*** TASK INPUT Section Begins ***

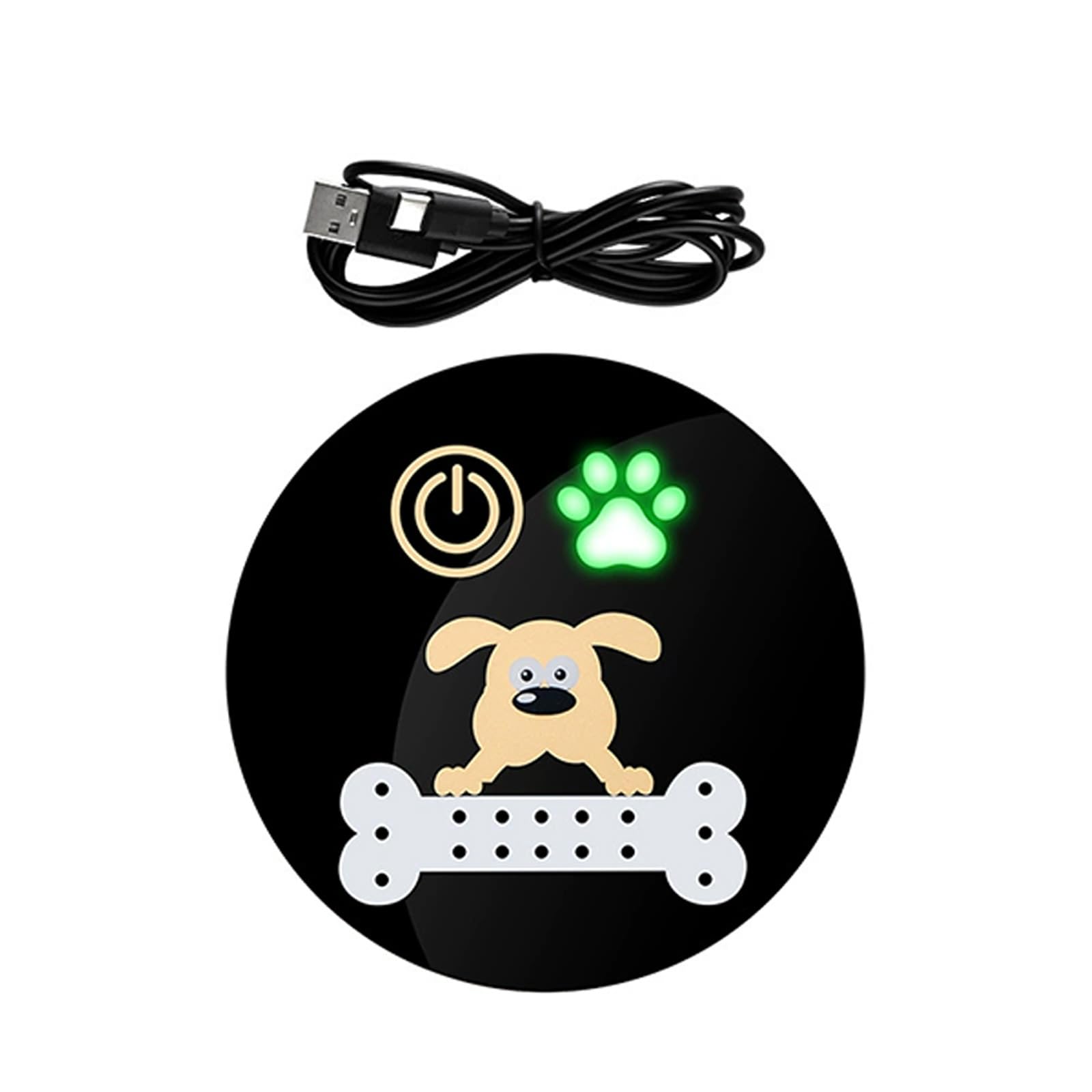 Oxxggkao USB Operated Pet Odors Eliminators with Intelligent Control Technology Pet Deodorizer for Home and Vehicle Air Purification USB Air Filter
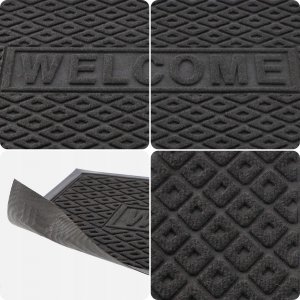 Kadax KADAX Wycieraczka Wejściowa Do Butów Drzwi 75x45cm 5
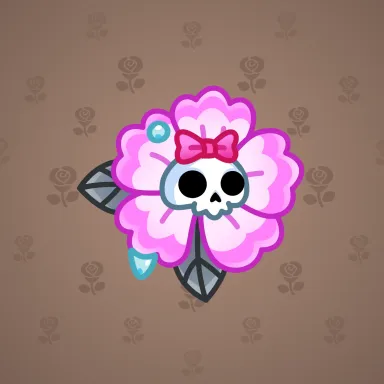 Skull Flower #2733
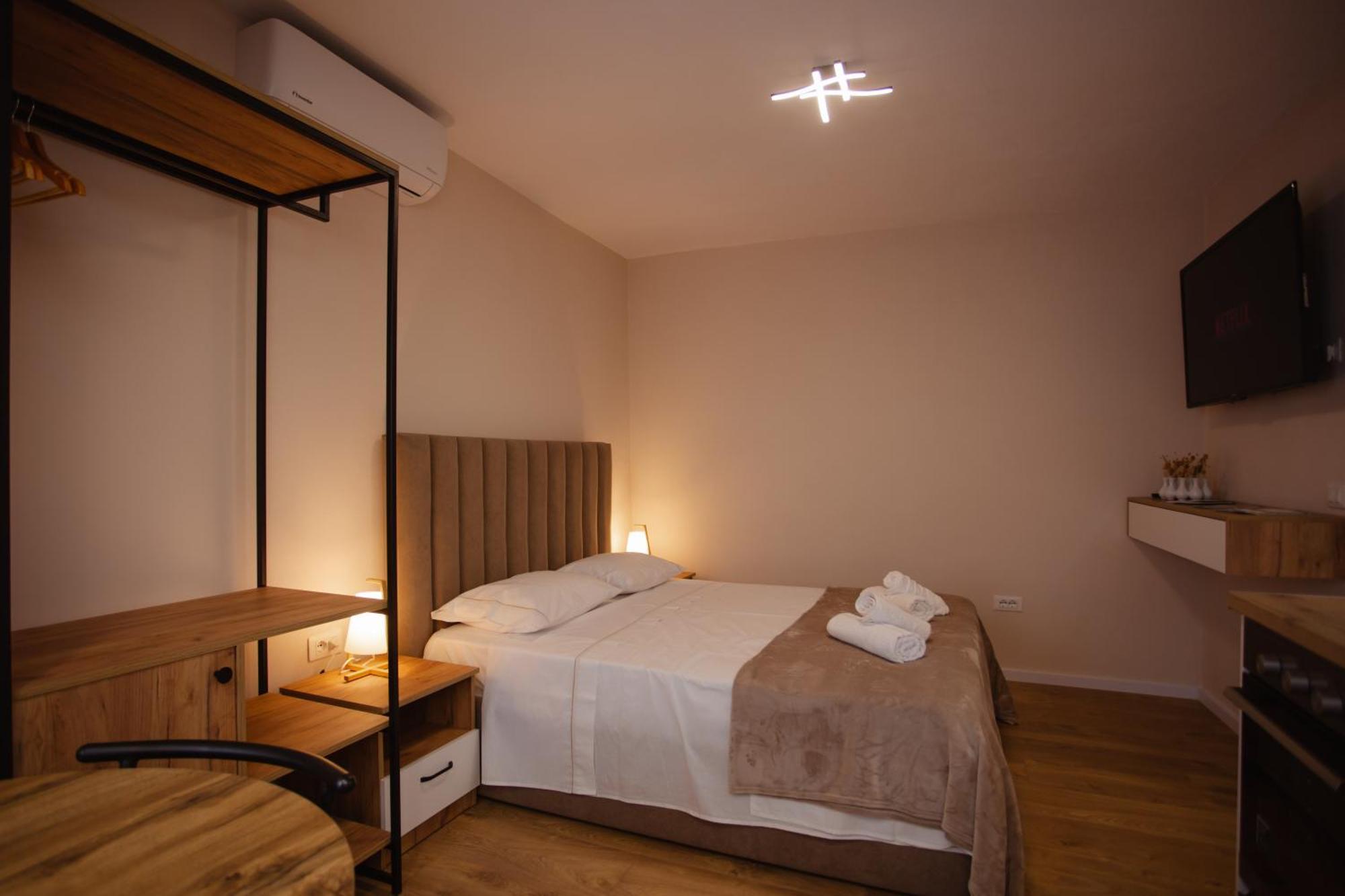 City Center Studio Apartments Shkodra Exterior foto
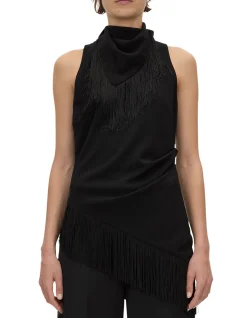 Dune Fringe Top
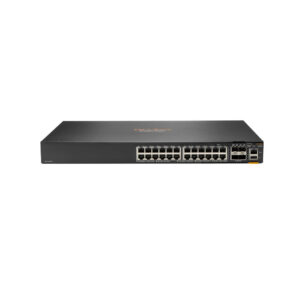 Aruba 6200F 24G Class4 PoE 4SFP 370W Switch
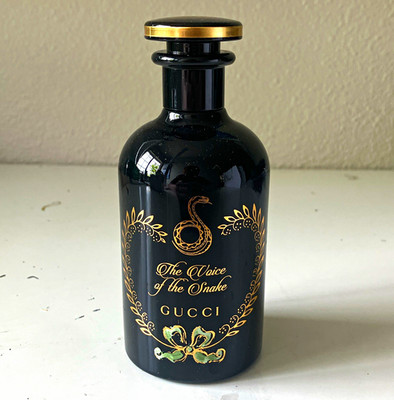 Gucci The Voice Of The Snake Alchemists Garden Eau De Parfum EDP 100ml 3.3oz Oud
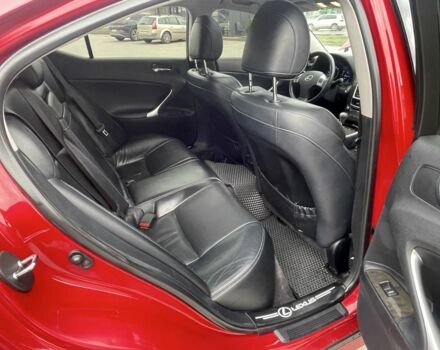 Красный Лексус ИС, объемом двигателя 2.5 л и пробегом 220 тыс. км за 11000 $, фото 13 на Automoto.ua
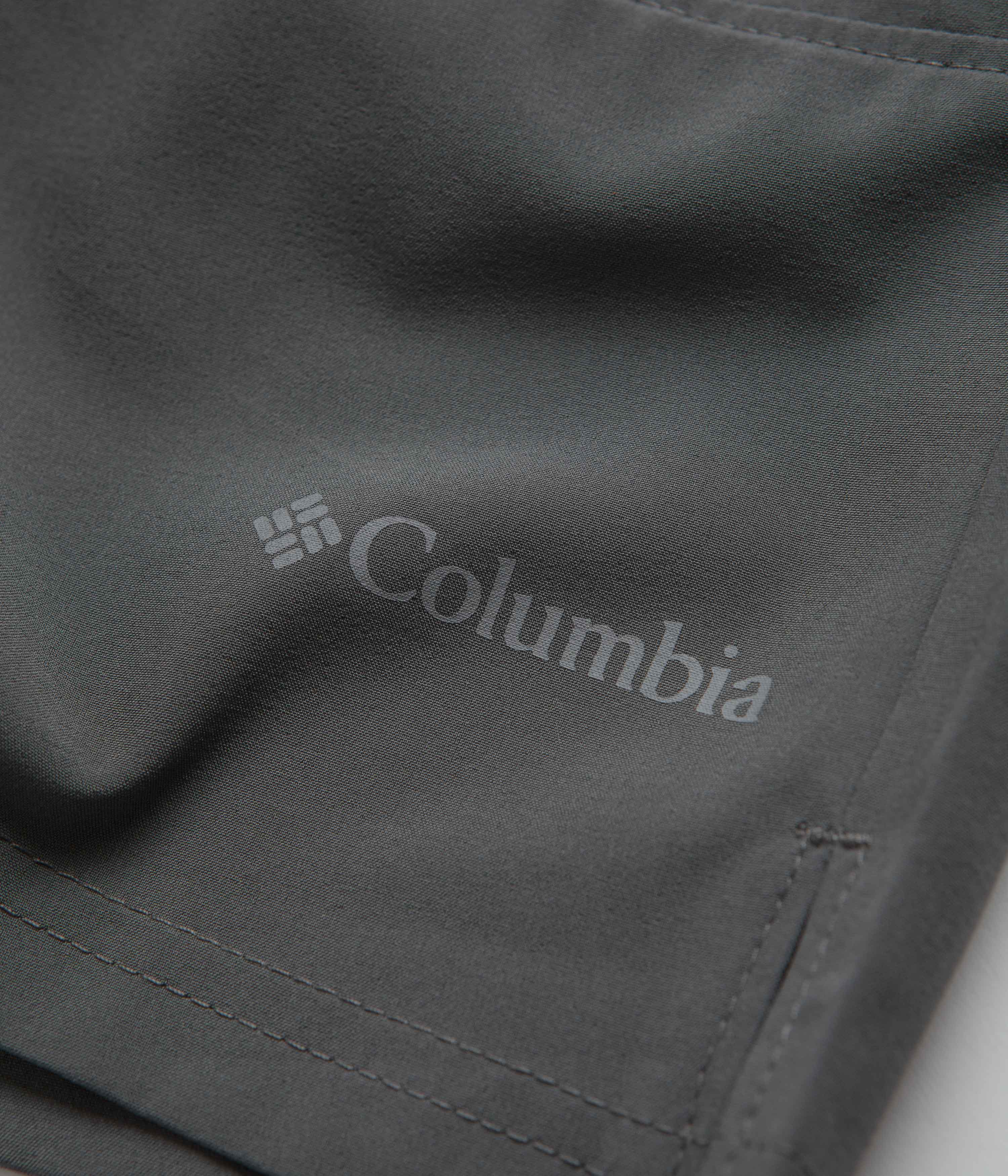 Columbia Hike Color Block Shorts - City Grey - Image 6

*** TASK INPUT Section Ends ***
*** TASK INPUT Section Begins ***

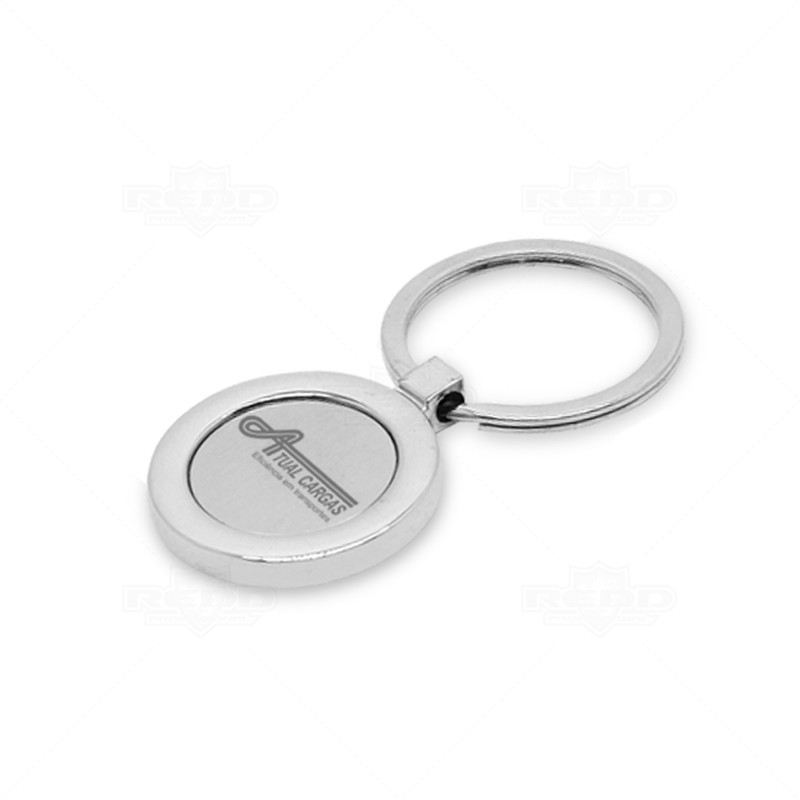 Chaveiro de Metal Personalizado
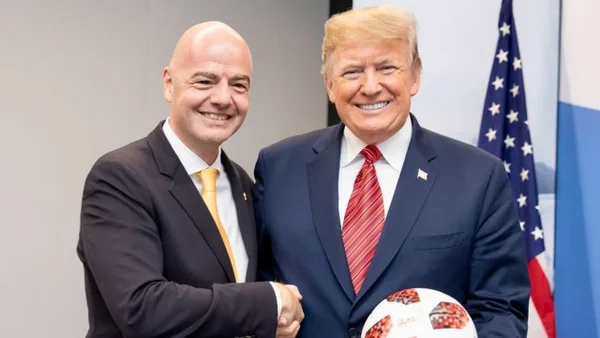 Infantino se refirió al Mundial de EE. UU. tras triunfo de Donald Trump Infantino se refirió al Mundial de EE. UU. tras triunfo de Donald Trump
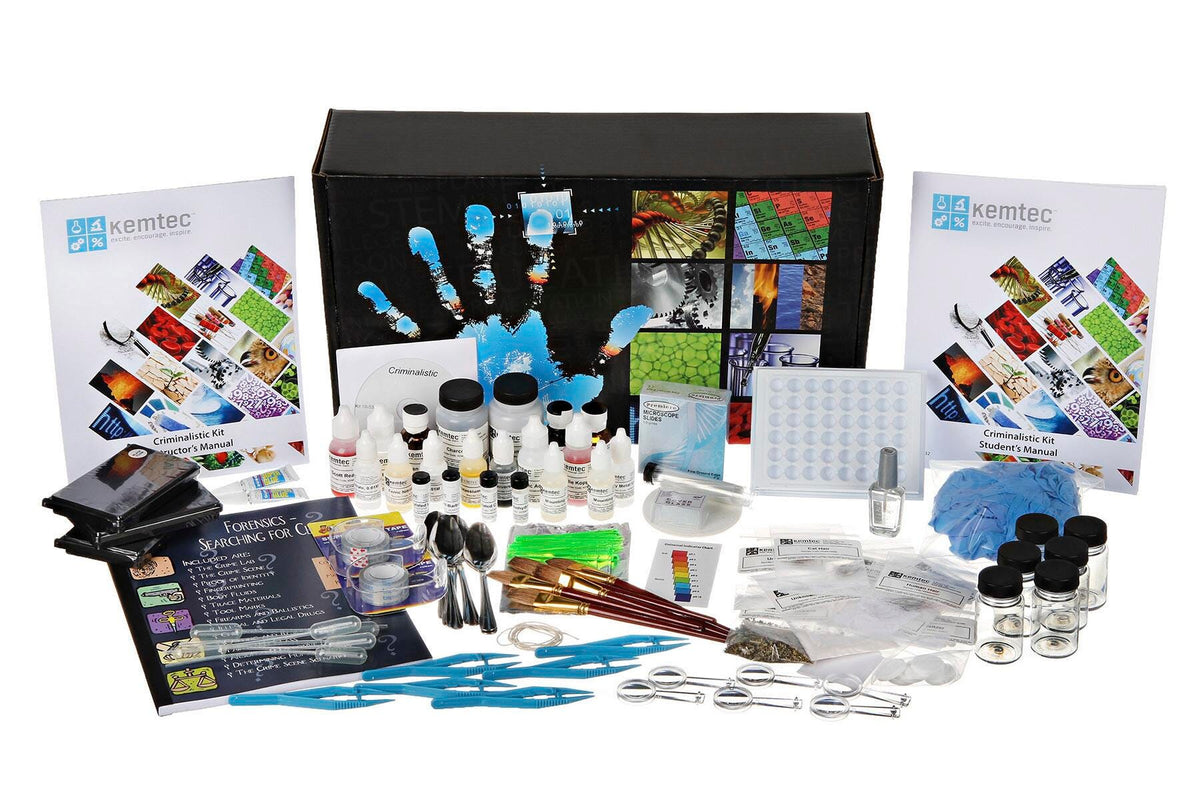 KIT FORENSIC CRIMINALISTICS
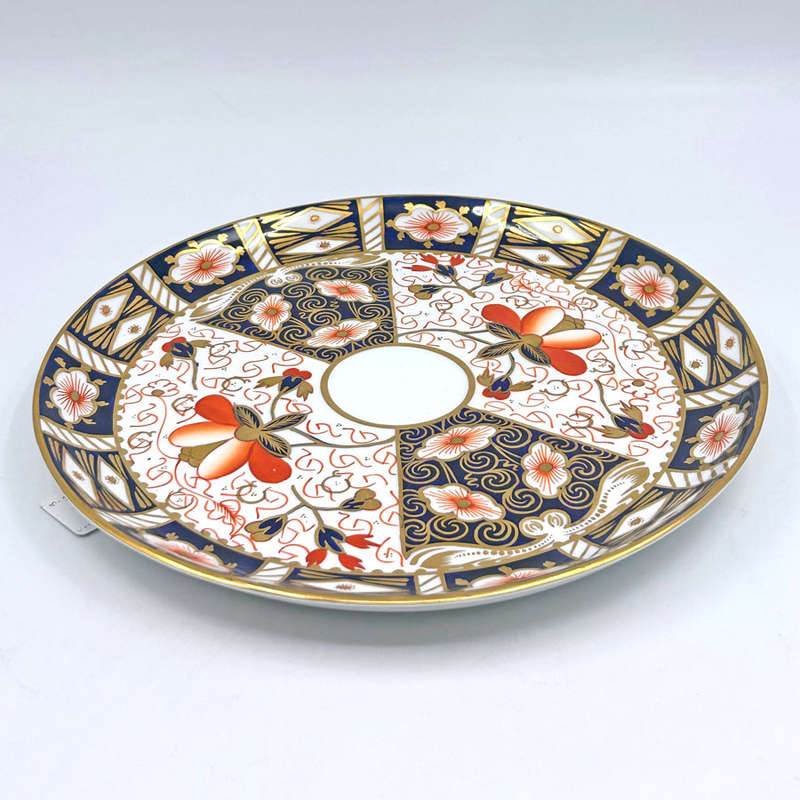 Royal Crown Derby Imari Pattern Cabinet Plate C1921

*** TASK INPUT Section Ends ***

**REQUIRED ACTION:** Retype, exactly and with no pictures, everything above from the line with "Kadax KADAX Wycieraczka" down to the line with "Columbia Hike Color", both included.

**ANSWER FOR THE TASK:**
 Kadax KADAX Wycieraczka Wejściowa Do Butów Drzwi 75x45cm 5
 Skull Flower #2733
 City Center Studio Apartments Shkodra Exterior foto
 Dune Fringe Top
 Aruba 6200F 24G Class4 PoE 4SFP 370W Switch
 Gucci The Voice Of The Snake Alchemists Garden Eau De Parfum EDP 100ml 3.3oz Oud
 Красный Лексус ИС, объемом двигателя 2.5 л и пробегом 220 тыс. км за 11000 $, фото 13 на Automoto.ua
 Columbia Hike Color Block Shorts - City Grey - Image 6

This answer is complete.